An article from The Belmont Club links to some other very valuable information about the changes that are moving through US military forces, and what that means for NATO.
As I read this, it became clear to me that what America needs right now, in terms of alliances to help it meet current threats, is not geographically centered alliances like NATO, whose very name demonstrates the desire to protect certain geographic areas from very specific types of threats. NATO was very successful in its mission, but its mission is now over, and the organization is increasingly held captive by people like Chirac who want to limit its activity.

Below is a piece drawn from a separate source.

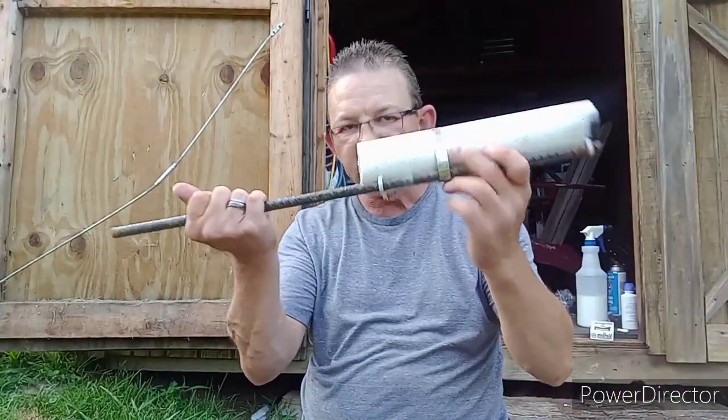If you're a J-Hook guy and you don't want to use circle hooks, you want to check out this episode of Hack the Fish.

Open-ended alliances are a bad idea. They cause mission creep; they become ossified; they distort the members’ true interests by shielding them from reality. This is certainly the case with Europe, as the member states continue to rely on the US (through NATO) to provide their military needs long after the reason for that state of affairs has disappeared and many of the members themselves have ceased to be US allies in any meaningful sense. Alliances ought to be temporary, to meet the need of the day, and when the need disappears, so should the alliance. We can have friends; we can have interests; but permanent alliances never seem to accomplish much good. The relationship between the US and Britain might be cited as an exception, and perhaps it is. But maybe that’s why they call it the ‘special relationship’- it’s the exception that proves the rule. And even if we’re close and share many common interests, does that mean we share all interests? Should Britain help us if we intervene in Haiti? Should we be required to help them if they go to war in Northern Ireland?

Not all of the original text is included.